In the last few weeks I have had renewed energy around the bigger picture for my business. I want to help companies and individuals find real solutions to sustained happiness and productivity. One big piece of the puzzle is around asking companies to talk to their employees and find out how to bring more humanity to the work place. The other piece involves helping people take better care of themselves and work better. To that end, I recently came across a coach whose perspective I find so interesting, Tony Schwartz and the Energy Project. In one Huffington Post blog, he talked about the benefits of stopping for lunch. Having worked for a company that did stop for lunch, I can tell you that I am a believer. We were so engaged and productive that we were growing at twice the industry average. A case of individuals and policy coming together beautifully.

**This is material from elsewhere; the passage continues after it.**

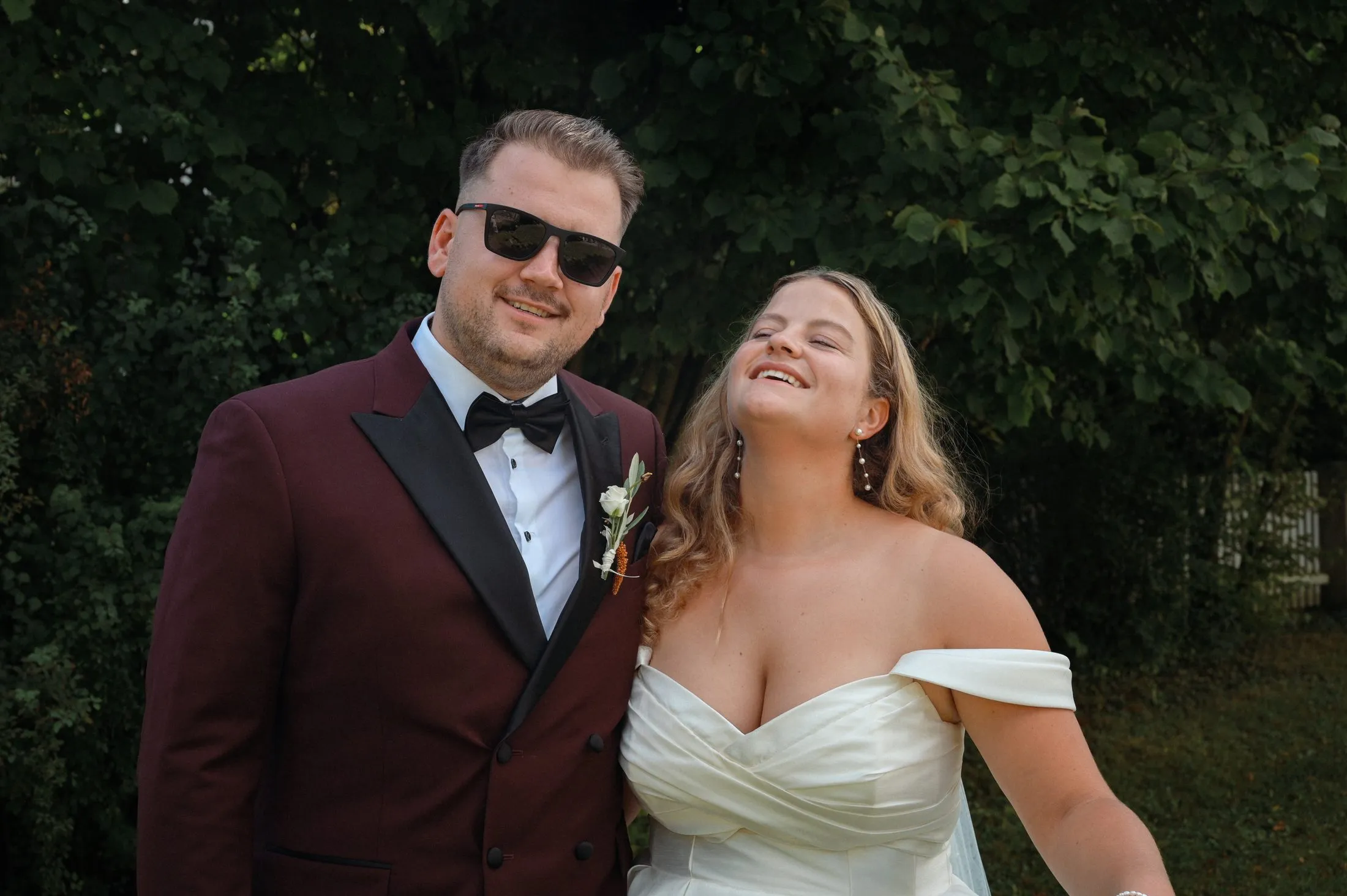 Gäste stehen mit Lisa und Martin für ein Foto zusammen.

For the last two years I have been focused on single women in mid-career who are frustrated at work, and longing for a family. I now see something much bigger. It’s not that this group is not important. I was in that group, and I know from personal experience how important it is to shake things up. When I say something bigger I mean this:
At the same time, academia, Corporate America and the Baby Boomer generation have been slow to respond. The corporate hierarchy that was developed by Henry Ford and depression and war era executives has barely evolved. The vision of marriage as the answer to one’s personal life is a firm as ever. As such, we are expected to do well in school, get the best job we can, eventually marry, and just be happy. And herein lies the rub…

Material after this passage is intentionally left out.